Segment Open
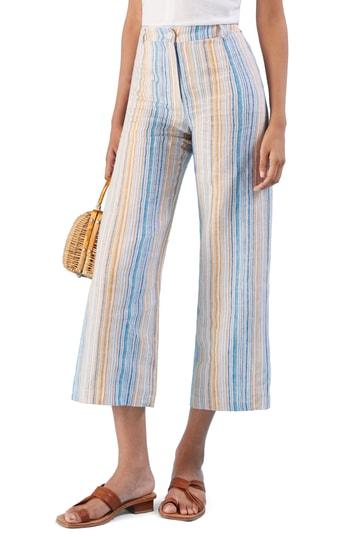 Women's Reformation Tahiti Linen Pants - Blue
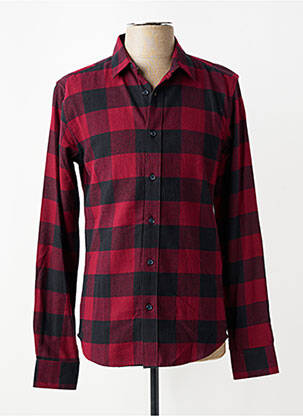 Chemise manches longues imprimé carreaux rouge ONLY & SONS homme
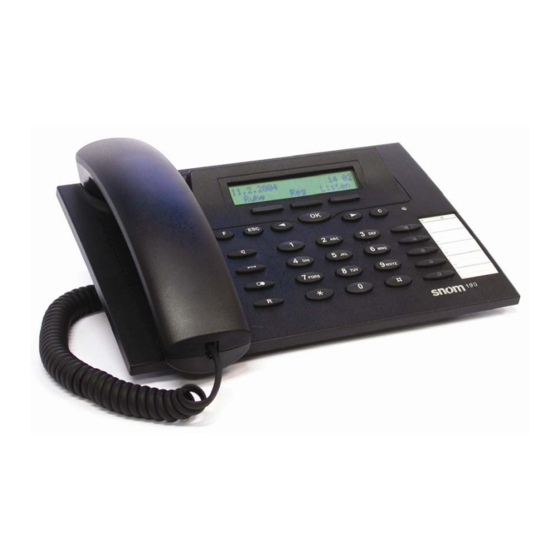Snom 190 Handbuch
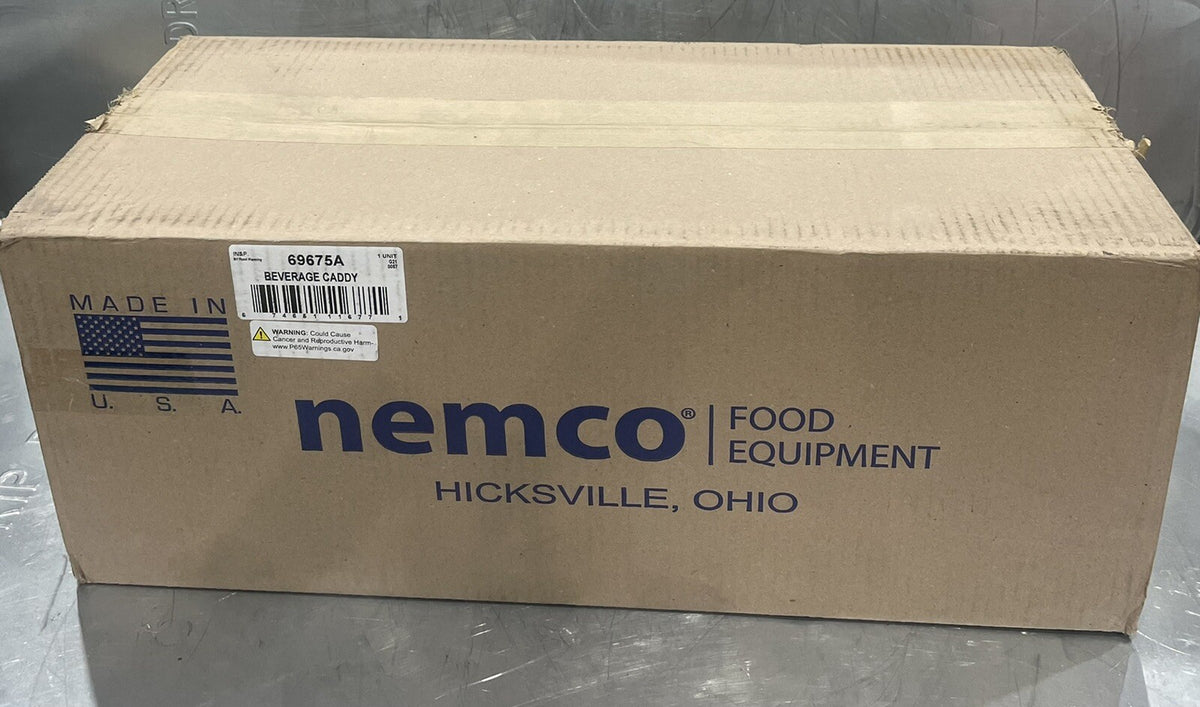 Nemco 69675A Beverage Caddy Restaurant Condiments Silverware Green NEW IN BOX!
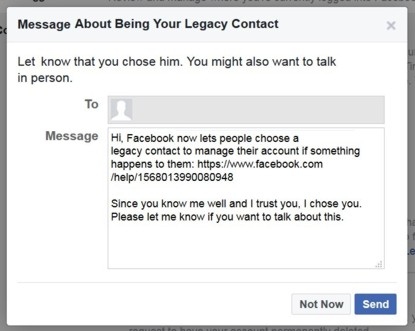 Facebook Legacy: Step 6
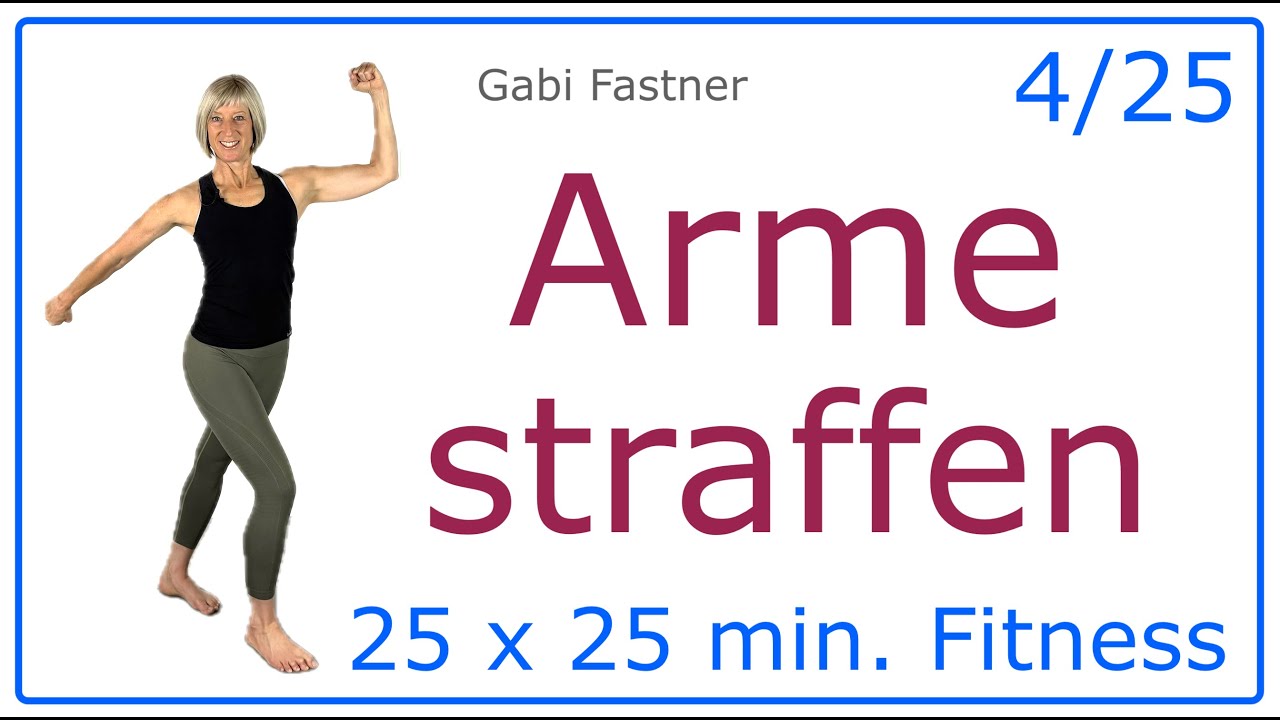 4/25 🍓 25 min. Arme straffen | Schultern, Bizeps und Trizeps in Form, gegen Winkearme, ohne Ger&auml;te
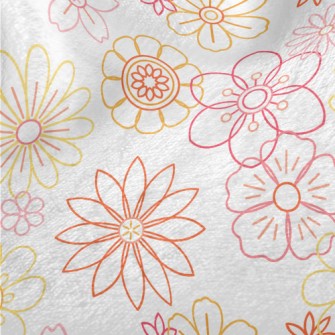 Beautiful Vector Flowers Minky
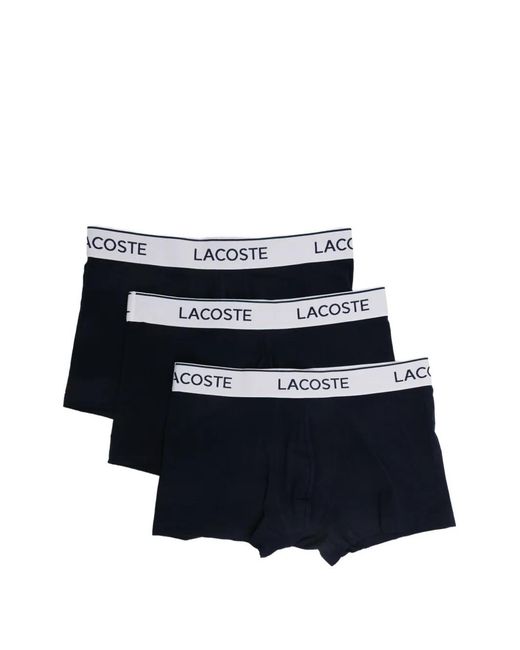 Lacoste Blue Logo-Waistband Boxer Briefs (Set Of Three) for men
Segment Closed
**The task**
I'd like the data above duplicated exactly, with no pictures included.

**Result**
 Women's Reformation Tahiti Linen Pants - Blue
 Chemise manches longues imprimé carreaux rouge ONLY & SONS homme
Snom 190 Handbuch
 Nemco 69675A Beverage Caddy Restaurant Condiments Silverware Green NEW IN BOX!
 Facebook Legacy: Step 6
 4/25 🍓 25 min. Arme straffen | Schultern, Bizeps und Trizeps in Form, gegen Winkearme, ohne Ger&auml;te
 Beautiful Vector Flowers Minky
 Lacoste Blue Logo-Waistband Boxer Briefs (Set Of Three) for men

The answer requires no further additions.